## [Work task]
Would you copy all lines in the data that contain the word "pink"?
BEGIN Data shown
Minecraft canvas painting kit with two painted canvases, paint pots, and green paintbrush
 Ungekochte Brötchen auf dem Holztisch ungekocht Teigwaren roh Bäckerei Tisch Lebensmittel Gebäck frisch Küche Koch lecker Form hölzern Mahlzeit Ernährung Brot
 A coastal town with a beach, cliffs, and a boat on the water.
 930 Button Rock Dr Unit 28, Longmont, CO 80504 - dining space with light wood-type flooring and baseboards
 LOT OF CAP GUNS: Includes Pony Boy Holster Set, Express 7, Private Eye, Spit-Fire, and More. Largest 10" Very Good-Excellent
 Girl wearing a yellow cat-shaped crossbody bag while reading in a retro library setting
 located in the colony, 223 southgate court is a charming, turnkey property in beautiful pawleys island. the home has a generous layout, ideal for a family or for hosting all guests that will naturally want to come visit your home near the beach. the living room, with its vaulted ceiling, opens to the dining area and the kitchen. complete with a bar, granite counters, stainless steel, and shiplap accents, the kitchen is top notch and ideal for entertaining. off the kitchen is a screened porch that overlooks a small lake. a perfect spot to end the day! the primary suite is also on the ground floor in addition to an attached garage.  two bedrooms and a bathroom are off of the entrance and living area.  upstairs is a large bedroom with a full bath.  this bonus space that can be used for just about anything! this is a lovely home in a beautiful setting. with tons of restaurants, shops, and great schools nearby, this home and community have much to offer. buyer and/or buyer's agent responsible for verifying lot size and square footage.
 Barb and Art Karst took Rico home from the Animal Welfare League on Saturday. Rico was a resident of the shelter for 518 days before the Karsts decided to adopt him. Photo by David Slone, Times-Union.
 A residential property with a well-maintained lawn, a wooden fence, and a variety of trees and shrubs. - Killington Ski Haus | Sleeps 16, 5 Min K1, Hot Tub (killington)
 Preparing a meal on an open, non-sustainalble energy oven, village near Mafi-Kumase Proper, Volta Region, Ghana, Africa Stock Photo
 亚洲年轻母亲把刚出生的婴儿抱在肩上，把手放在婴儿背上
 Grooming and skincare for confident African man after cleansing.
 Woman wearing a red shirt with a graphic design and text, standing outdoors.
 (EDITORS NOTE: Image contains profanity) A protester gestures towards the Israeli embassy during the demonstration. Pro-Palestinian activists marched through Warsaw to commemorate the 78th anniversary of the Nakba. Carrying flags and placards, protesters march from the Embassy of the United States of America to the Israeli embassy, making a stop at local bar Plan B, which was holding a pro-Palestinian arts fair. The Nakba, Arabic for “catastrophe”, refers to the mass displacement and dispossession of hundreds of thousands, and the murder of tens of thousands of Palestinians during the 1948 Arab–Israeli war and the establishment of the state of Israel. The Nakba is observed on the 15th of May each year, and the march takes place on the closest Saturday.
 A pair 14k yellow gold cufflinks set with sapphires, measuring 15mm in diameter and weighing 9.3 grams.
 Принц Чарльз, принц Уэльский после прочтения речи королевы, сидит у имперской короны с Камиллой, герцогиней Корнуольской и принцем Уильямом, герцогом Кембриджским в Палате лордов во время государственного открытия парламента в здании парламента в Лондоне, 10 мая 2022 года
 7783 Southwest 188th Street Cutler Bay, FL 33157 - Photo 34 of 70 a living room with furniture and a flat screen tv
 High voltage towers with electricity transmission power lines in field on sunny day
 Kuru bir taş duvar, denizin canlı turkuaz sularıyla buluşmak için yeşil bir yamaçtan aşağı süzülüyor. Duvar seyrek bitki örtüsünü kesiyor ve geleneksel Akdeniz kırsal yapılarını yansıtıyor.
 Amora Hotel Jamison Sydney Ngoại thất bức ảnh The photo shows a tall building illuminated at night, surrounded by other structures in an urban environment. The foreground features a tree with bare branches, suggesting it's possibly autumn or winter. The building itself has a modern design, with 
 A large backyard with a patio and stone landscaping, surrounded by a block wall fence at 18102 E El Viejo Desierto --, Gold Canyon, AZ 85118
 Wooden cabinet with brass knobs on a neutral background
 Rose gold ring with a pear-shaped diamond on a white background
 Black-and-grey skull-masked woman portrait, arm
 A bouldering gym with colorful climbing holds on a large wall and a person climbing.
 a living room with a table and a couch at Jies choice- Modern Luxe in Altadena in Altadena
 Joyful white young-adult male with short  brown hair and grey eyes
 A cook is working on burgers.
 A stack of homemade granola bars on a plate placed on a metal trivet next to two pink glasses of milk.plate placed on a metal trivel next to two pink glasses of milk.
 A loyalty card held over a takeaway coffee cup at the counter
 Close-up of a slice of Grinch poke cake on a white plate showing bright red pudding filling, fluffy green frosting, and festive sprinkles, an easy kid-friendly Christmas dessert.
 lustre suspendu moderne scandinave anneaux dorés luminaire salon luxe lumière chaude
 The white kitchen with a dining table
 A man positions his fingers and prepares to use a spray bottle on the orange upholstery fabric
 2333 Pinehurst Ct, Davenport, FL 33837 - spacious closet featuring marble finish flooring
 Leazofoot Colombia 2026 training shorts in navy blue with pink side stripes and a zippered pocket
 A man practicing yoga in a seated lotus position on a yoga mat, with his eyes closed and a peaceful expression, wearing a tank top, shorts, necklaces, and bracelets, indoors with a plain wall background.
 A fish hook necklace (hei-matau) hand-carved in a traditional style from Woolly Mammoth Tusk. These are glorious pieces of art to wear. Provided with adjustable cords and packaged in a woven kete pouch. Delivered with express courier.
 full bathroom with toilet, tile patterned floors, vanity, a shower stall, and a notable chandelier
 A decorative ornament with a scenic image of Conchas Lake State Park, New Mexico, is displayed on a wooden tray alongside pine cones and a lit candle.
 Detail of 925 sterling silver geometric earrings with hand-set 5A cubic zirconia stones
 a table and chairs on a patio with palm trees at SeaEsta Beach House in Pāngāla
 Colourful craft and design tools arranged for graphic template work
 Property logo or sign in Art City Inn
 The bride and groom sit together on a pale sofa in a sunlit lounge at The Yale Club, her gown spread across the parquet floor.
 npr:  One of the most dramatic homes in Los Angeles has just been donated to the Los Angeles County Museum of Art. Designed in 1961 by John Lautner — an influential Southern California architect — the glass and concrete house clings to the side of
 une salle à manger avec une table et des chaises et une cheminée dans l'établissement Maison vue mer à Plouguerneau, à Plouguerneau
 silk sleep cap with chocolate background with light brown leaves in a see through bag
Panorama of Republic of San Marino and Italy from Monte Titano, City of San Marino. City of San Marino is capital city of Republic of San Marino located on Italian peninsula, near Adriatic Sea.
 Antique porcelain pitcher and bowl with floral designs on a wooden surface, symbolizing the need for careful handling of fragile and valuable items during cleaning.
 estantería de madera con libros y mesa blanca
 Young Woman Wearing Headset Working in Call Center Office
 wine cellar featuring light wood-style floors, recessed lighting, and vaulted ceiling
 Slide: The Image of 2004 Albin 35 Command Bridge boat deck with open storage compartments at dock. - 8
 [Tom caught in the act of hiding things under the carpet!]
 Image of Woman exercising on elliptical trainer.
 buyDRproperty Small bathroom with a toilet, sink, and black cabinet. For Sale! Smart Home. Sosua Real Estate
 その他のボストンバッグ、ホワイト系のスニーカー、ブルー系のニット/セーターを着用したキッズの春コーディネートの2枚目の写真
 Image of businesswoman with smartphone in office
END Data shown
## [Your response]
 A stack of homemade granola bars on a plate placed on a metal trivet next to two pink glasses of milk.plate placed on a metal trivel next to two pink glasses of milk.
 Leazofoot Colombia 2026 training shorts in navy blue with pink side stripes and a zippered pocket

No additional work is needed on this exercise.